Given the relatively high values of FROH observed for breed dogs, much of the genome should be in ROH in at least one of the 4,342 individuals in our study. We hypothesized the genes not contained within an ROH in any individual or showing a deficit of ROH compared to the rest of the genome contain recessive lethal variants because individuals homozygous for these mutations are not viable (lethal path, Fig. 1). Across 4,342 dogs, we observed 27 genes (coordinates available on GitHub) where at least one exon does not overlap an ROH in any individual. To test whether this is unusual, we permuted the locations of the ROH within each individual and recounted the number of genes with an exon not containing an ROH. We found that if ROH were randomly distributed across the genome, we would expect to see ROH in all exons across genes (SI Appendix, Fig. S10). Thus, there are more genes not overlapping ROH than expected by chance (P < 0.0001), suggesting the presence of segregating recessive lethal mutations across breed dogs.
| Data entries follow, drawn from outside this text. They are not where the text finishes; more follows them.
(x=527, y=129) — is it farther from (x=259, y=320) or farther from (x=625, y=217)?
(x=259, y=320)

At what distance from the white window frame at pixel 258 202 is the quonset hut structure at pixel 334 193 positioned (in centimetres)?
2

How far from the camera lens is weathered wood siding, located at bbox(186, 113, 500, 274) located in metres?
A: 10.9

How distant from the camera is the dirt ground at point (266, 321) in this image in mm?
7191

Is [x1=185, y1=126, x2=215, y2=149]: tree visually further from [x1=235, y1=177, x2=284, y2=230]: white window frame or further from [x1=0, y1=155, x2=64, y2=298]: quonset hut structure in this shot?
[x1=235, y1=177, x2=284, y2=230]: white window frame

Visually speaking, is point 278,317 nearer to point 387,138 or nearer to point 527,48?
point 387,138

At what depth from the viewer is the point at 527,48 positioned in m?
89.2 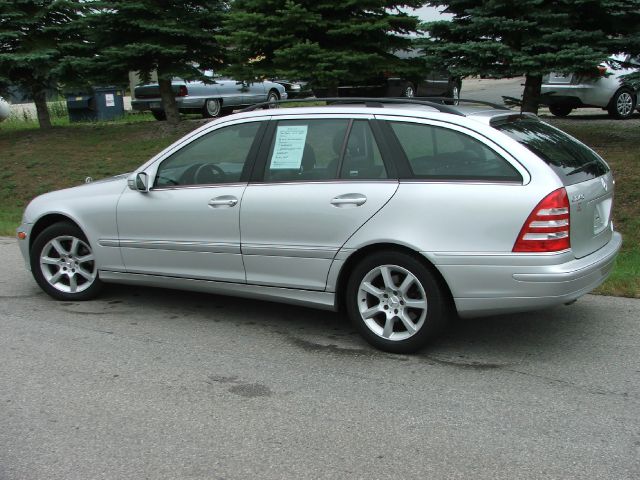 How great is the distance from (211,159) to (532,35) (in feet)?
21.2

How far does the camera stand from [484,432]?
377 centimetres

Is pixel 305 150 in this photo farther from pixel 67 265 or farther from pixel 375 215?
pixel 67 265

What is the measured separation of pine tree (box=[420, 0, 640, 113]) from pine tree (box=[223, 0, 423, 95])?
4.03 ft

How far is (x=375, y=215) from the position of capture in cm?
479

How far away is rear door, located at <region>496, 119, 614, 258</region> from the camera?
4.55 m

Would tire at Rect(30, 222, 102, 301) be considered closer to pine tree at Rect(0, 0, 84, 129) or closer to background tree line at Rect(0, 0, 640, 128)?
background tree line at Rect(0, 0, 640, 128)

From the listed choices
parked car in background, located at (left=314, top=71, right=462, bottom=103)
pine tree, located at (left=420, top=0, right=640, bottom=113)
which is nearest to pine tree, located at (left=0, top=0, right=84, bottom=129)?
parked car in background, located at (left=314, top=71, right=462, bottom=103)

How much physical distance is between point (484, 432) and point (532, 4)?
777 centimetres

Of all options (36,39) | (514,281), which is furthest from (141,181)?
(36,39)

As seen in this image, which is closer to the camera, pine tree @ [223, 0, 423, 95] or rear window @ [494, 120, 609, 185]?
rear window @ [494, 120, 609, 185]

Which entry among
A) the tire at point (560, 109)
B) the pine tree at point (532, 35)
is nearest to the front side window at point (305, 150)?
the pine tree at point (532, 35)

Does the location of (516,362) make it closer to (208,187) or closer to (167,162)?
(208,187)

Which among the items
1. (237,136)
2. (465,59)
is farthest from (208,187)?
(465,59)

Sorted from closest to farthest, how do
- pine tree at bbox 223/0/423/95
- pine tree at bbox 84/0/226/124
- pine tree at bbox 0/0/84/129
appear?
pine tree at bbox 223/0/423/95 < pine tree at bbox 84/0/226/124 < pine tree at bbox 0/0/84/129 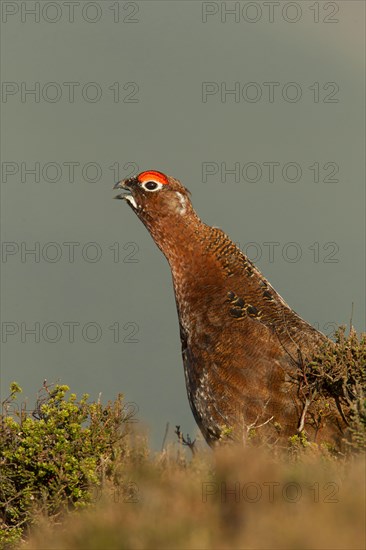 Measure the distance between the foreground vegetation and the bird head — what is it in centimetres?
306

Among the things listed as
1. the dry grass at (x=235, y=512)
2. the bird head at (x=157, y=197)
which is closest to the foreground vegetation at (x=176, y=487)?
the dry grass at (x=235, y=512)

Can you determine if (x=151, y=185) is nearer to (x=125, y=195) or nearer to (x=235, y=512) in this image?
(x=125, y=195)

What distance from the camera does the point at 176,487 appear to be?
20.8 ft

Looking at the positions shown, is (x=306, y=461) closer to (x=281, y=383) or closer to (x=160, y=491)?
(x=160, y=491)

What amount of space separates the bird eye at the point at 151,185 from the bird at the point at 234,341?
0.07ft

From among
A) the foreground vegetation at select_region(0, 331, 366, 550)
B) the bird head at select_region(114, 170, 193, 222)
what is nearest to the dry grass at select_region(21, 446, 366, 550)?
the foreground vegetation at select_region(0, 331, 366, 550)

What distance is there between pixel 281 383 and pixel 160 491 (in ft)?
14.1

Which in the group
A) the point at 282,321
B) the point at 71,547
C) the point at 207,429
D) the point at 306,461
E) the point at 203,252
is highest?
the point at 203,252

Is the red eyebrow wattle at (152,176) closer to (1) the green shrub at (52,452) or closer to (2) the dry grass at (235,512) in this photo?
(1) the green shrub at (52,452)

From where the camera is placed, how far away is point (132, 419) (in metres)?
10.6

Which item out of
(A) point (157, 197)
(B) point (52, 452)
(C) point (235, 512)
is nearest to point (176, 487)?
(C) point (235, 512)

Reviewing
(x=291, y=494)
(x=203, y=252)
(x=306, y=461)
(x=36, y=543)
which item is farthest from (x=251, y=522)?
(x=203, y=252)

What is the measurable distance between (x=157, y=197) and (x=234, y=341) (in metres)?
2.77

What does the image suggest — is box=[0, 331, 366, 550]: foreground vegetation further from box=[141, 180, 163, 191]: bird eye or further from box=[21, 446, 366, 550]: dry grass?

This result is similar to what has been shown in inbred Scandinavian wolves (16), where ROH distribution fluctuates nonrandomly across the genome. Thus, these genomic regions could be lacking ROH because strongly deleterious recessive mutations lurk as heterozygotes in the founders of the breed. If offspring become homozygous for these regions, they are no longer viable and are not sampled in our study (Fig. 1).
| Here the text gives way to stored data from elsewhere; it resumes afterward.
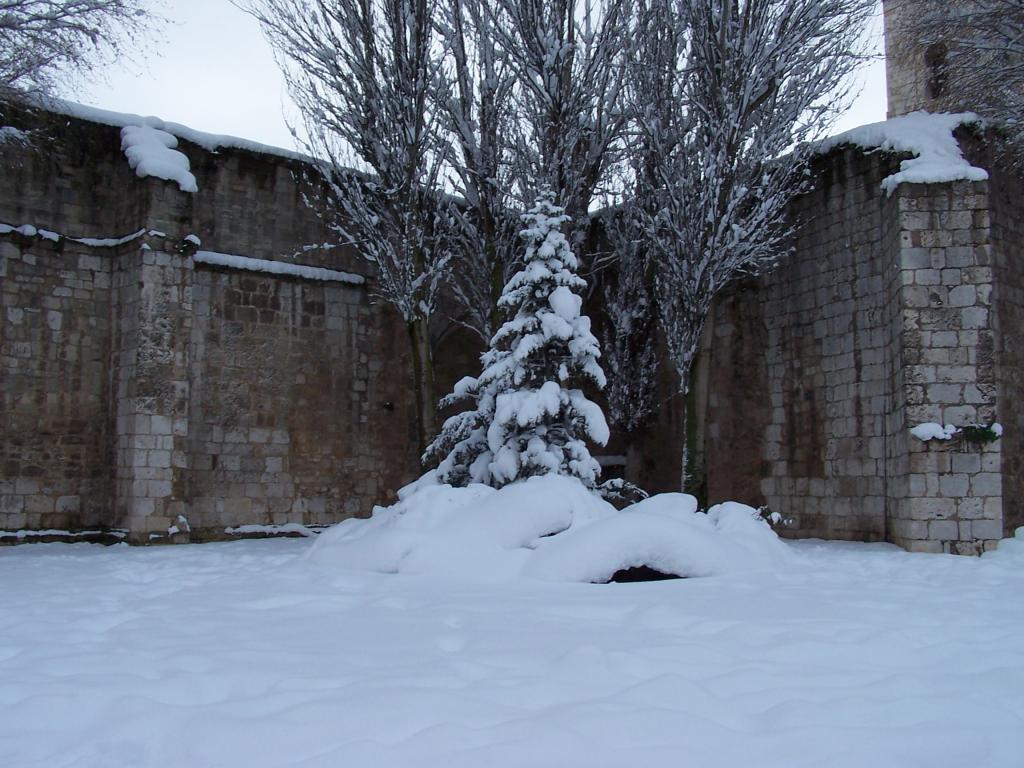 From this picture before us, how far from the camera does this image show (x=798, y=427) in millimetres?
10961

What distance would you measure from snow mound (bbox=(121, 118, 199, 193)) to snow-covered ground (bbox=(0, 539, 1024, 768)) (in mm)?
5539

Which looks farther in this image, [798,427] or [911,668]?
[798,427]

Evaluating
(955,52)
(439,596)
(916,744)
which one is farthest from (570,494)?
(955,52)

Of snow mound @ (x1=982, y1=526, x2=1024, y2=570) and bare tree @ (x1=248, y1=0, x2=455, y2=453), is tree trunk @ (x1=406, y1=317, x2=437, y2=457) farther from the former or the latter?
snow mound @ (x1=982, y1=526, x2=1024, y2=570)

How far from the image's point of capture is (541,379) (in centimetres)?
872

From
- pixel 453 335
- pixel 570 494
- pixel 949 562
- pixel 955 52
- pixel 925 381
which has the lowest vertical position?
pixel 949 562

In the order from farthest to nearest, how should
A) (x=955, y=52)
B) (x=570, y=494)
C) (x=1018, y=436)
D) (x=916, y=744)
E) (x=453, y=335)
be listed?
1. (x=453, y=335)
2. (x=955, y=52)
3. (x=1018, y=436)
4. (x=570, y=494)
5. (x=916, y=744)

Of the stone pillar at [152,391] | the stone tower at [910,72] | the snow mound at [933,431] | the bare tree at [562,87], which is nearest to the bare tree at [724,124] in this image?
the bare tree at [562,87]

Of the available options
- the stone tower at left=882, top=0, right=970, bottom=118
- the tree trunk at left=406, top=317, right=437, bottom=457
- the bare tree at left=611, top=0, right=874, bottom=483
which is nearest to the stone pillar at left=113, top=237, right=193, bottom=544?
the tree trunk at left=406, top=317, right=437, bottom=457

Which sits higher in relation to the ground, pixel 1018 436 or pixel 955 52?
pixel 955 52

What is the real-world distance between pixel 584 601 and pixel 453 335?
28.8 feet

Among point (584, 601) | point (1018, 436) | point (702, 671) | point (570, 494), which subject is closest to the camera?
point (702, 671)

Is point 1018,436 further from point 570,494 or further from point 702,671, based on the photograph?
point 702,671

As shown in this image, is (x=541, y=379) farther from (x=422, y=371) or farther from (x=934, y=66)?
(x=934, y=66)
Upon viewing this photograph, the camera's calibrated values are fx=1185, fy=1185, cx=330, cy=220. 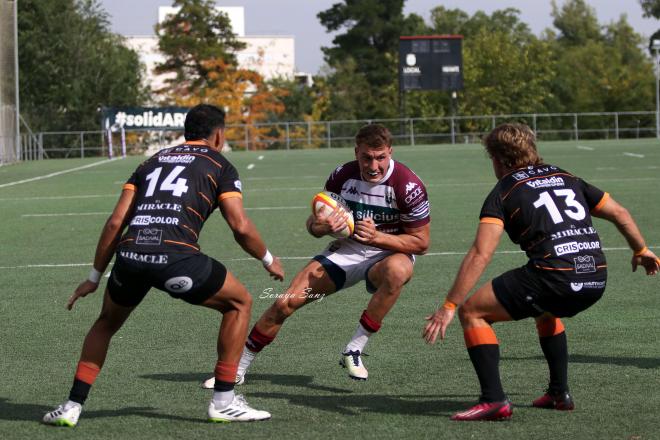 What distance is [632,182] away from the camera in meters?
25.0

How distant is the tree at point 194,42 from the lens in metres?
75.9

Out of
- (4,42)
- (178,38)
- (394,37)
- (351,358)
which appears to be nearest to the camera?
(351,358)

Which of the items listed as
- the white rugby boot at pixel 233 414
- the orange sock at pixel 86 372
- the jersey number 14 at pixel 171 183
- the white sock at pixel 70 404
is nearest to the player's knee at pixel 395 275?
the white rugby boot at pixel 233 414

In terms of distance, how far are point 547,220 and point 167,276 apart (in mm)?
1991

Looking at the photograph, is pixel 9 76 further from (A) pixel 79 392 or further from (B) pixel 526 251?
(B) pixel 526 251

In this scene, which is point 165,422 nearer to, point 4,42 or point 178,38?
point 4,42

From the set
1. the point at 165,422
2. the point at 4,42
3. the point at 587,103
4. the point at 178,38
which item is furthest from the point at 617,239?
the point at 587,103

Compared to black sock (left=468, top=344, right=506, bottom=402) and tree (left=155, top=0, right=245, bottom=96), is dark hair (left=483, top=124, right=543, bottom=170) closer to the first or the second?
black sock (left=468, top=344, right=506, bottom=402)

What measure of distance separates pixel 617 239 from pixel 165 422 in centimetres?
959

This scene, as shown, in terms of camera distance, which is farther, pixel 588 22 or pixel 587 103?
pixel 588 22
To test whether these 27 genes may have a functional effect, we intersected them with the 90th percentile constrained coding regions (CCRs) identified in human populations (38). CCRs were found to be enriched for disease-causing variants, especially in dominant Mendelian disorders (38). We expected that genes containing recessive lethal mutations would be conserved across species and asked whether the genes not overlapping ROH were enriched for CCRs. After resampling sets of 27 genes and intersecting them with the 90th percentile of CCRs 100,000 times, we would expect to see 18 of 27 genes falling above the 90th percentile of CCRs if exons lacking ROH in dogs were distributed randomly with respect to CCRs. In contrast, 23 out of 27 genes not overlapping ROH in dogs fall above the 90th percentile of the CCR distribution (P = 0.025) (Fig. 4). Additionally, we observed a 2.94-fold enrichment of non-ROH genes relative to ROH genes in CCRs (P = 0.041, Fisher’s exact test) (Fig. 4). Taken together, these results suggest that the genes with an exon not overlapping an ROH in dogs are enriched for exons devoid of variation in humans. Thus, these genes may be targets of strongly deleterious mutations affecting viability. Interestingly, there are some CCRs that do not have any known pathogenic or likely pathogenic variants, suggesting mutations in these exons could cause extreme developmental disorders or potentially be embryonically lethal (38). Studying mutations in these exons without ROH that overlap the CCR data could be fruitful both for identifying new disease phenotypes and for identifying variants with large fitness effects that could be linked to inbreeding depression or embryonic lethality.

Fig. 4.

Fig. 4.

Histogram of the expected number of genes that fall into the top 10% CCRs over 100,000 randomly drawn sets of 27 genes. The empirical data are demarcated by the blue line (P = 0.025). The contingency table shows the count of genes classified as to whether all exons overlap an ROH (“ROH”) and whether any exons overlap a CCR (“CCR”). There is a 2.94-fold enrichment of genes with at least one exon without an ROH (“non-ROH” genes) in CCRs (P = 0.041) relative to genes where all exons overlap an ROH.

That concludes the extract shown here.